Se sentir libres, sans contrainte, créatifs, voire originaux, c’est se situer plus encore sur le chemin de l’accomplissement car c’est se sentir plus forts. Ce n’est pas parce qu’une personne très argentée va créer un magasin de vêtements, de chaussures ou même un restaurant supplémentaire, dans une rue où il y en a déjà tant, qu’elle va faire fortune. Les concurrents n’attendent personne ! Par contre, celui qui crée une activité nouvelle, utile et recherchée a toute chance de gagner beaucoup d’argent car il n’aura pas de concurrence.

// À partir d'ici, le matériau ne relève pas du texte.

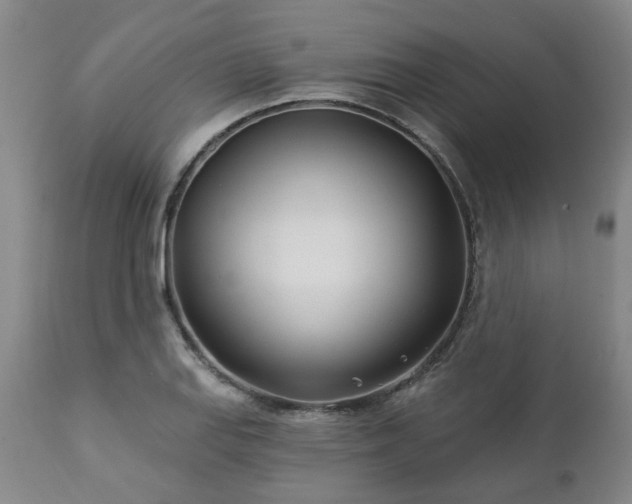 X0000112461127200908241252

Bien que le but commun à tous reste la quête du bonheur, le modèle n’en est pas forcément de suivre bêtement les conditions qui semblent applicables à tout un chacun. Je préfère personnellement le bonheur au succès à tout prix. Certes, s’il est connu que l’argent ne fait pas le bonheur, il n’en reste pas moins vrai qu’il en faut un minimum pour donner libre cours à nos aspirations, de même que la vie ne doit pas se résumer à la course au succès. Un écrivain peut rester heureux d’avoir écrit un certain nombre d’ouvrages même si ses livres ne sont pas des best-sellers vendus dans toutes les librairies. Pour avoir du succès, il faut plaire. Or plaire, c’est commencer à perdre sa liberté. Et pourtant, la liberté, c’est le début du bonheur. Si en plus, il y a du
succès à certains moments, tant mieux ! Mais ce n’est pas une condition indispensable au bonheur.